Georgia reached out and brushed his cheek as she touched the bandage dangling from his ear like an oversize gypsy earring. “Connected with that?”
“I believe it is.”
Arn opened her car door. “This is our first one,” she said.
“First one what?”
“Dinner date, thanks to Danny. Now all I got to do is talk you into taking me on a real date.”
Arn was certain he blushed even in the darkness. “As soon as I make some headway in this case and can take a breather, I’ll call.”
“Understood.”
He waited until Georgia pulled around the corner before walking up to the police cruiser. The officer’s head slumped against the headrest, and even with the windows shut, Arn heard snoring. He slapped the window and the officer jumped. He grabbed his flashlight and shone it into Arn’s face. “Who the hell are you?”
“I’m one of the people you’re supposed to be protecting.” Arn shielded his eyes. “Now if you can’t keep awake, maybe Lt. Oblanski can find a replacement.”
“Please don’t do that, Mr. Anderson.” The cop rubbed his eyes and sat up tall in his seat. “I won’t go to sleep again.”
“We’ll let it slide this time,” Arn said and walked back into the house.

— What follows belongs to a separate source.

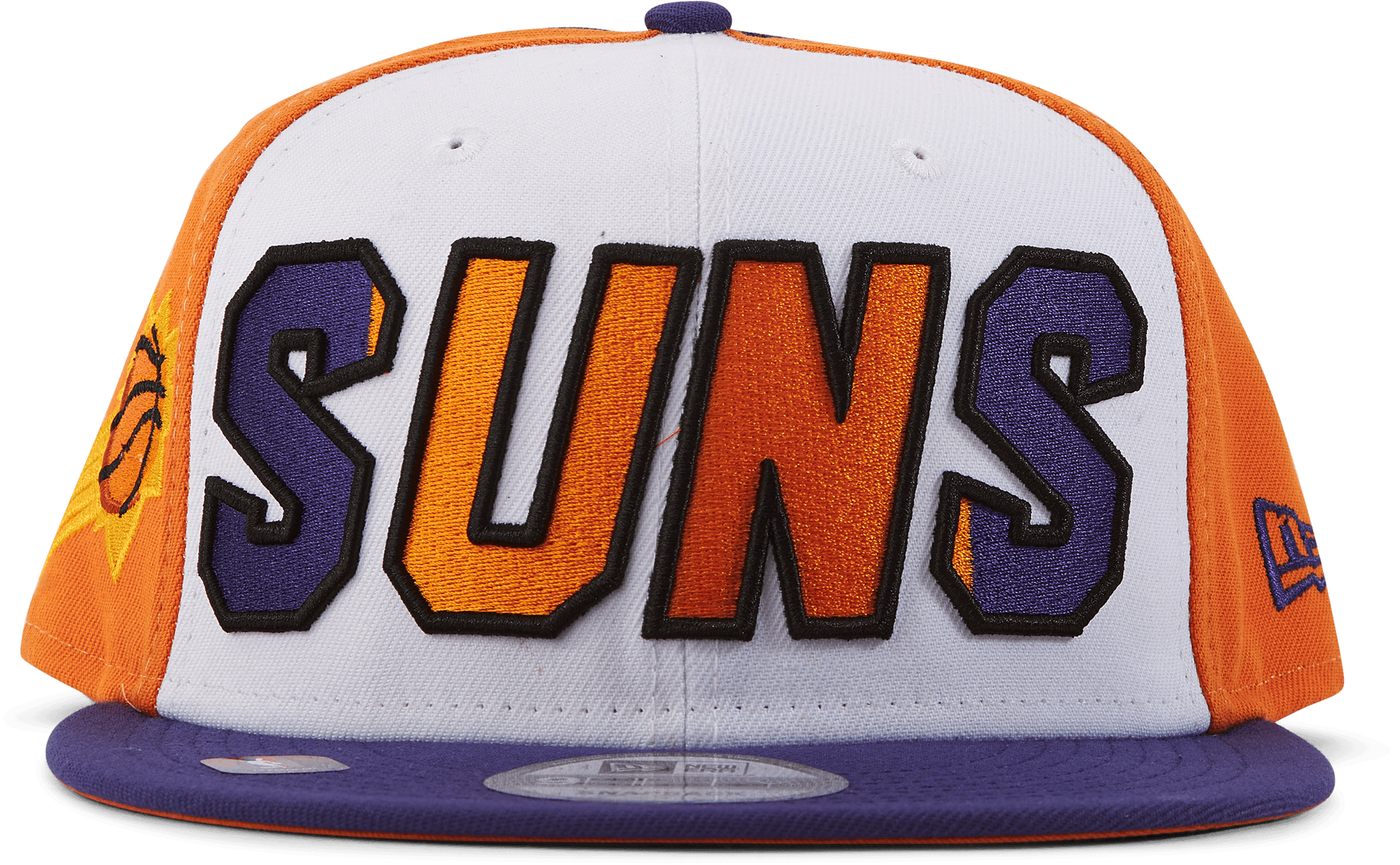 SUNS M 9FIFTY NBABH 23 - Bild 5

Ana Maria huddled around the space heater in the kitchen. “He was at tonight’s taping.”
“Who?”
“The guy who grabbed me. The one who attacked you.” She used the chair to steady herself as she sat. “I was interviewing Lt. Oblanski at the front entrance to the police department. He’d just started connecting Johnny’s shooting with Butch Spangler’s case when that man walked in back of my cameraman. Just enough on the periphery I couldn’t see his face.”

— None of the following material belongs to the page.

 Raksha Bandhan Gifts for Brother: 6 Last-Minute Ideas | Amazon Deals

“You’re sure it’s the same man?”
“You know that woman’s intuition thing you always hammered into me? Well, mine went off louder than gunshots in a closed room.” Her legs trembled and her foot tapped nervously against the leg of the card table. “It’s the same Old Spice I noticed before. And I smelled it in spades tonight. The guy must bathe in it, it was so strong.”
“We need more than that to go to Oblanski.”

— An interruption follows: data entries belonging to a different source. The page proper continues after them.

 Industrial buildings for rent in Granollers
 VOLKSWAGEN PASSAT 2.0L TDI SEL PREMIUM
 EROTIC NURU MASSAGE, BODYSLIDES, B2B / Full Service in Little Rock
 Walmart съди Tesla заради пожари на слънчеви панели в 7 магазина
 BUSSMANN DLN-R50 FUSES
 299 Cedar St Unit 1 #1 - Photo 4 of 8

“His black drawstring on his hoodie. Same as the guy had the other night. How many guys go around wearing white hoodies with black drawstrings?”
Arn tried to come up with an argument to refute her logic, but knew it was a lost cause. Ana Maria was right.
“He came around to say hello,” Ana Maria said. “To let me know he was still thinking about me.”
Arn slipped his gun out of his boot and set it on the table. “We know someone got in the house last night. He could have killed us right then if he’d wanted to.”
“Except he didn’t want to.” Ana Maria’s hand shook holding her coffee cup. “He wants to play with us a little first.”
“Which is why I had Danny hang that new door yesterday, and install a new lock this afternoon.”
“And there’s a cop out front.”
Arn forced a laugh. “If you can wake him long enough to do something.”
Thirty-One
Arn had stayed up half the night going over the reports, comparing photos of all three officers’ deaths, racking his mind for the connection. It was there. He just didn’t spot it. Yet. And when he dropped exhausted into the cot with the lumpy camping mat and covered himself with an old comforter the bedding fairy had left for Danny, Arn slept sounder than he had in years. And that scared the hell out of him. With the person who’d knifed him and shot Johnny still roaming the streets, the last thing he wanted was to sleep soundly.
Danny’s music awakened Arn just as the sun crested the horizon, melting the new snow that had fallen on his scrub lawn last night. He put on the slippers Ana Maria had returned to him and trod down the stairs. Danny had covered the steps with carpet remnants, but they still creaked under Arn’s weight.
The smell of coffee hastened him to the kitchen, where Danny stood over a pan frying bacon, poached eggs waiting in small bowls and a bright flowered apron protecting his torn sweatpants. The old man hummed along to some rock song playing on the mono-speaker ghetto blaster he’d rescued from a downtown dumpster. He slapped the side of the pan with a spatula in time with the music. “Grab a fork and paper plate,” he called over his shoulder.
“Aren’t we going to wait for Ana Maria?”
“She left an hour ago. I think. I heard her walking around and covered back up.” He dished up food on plates and sat across the table.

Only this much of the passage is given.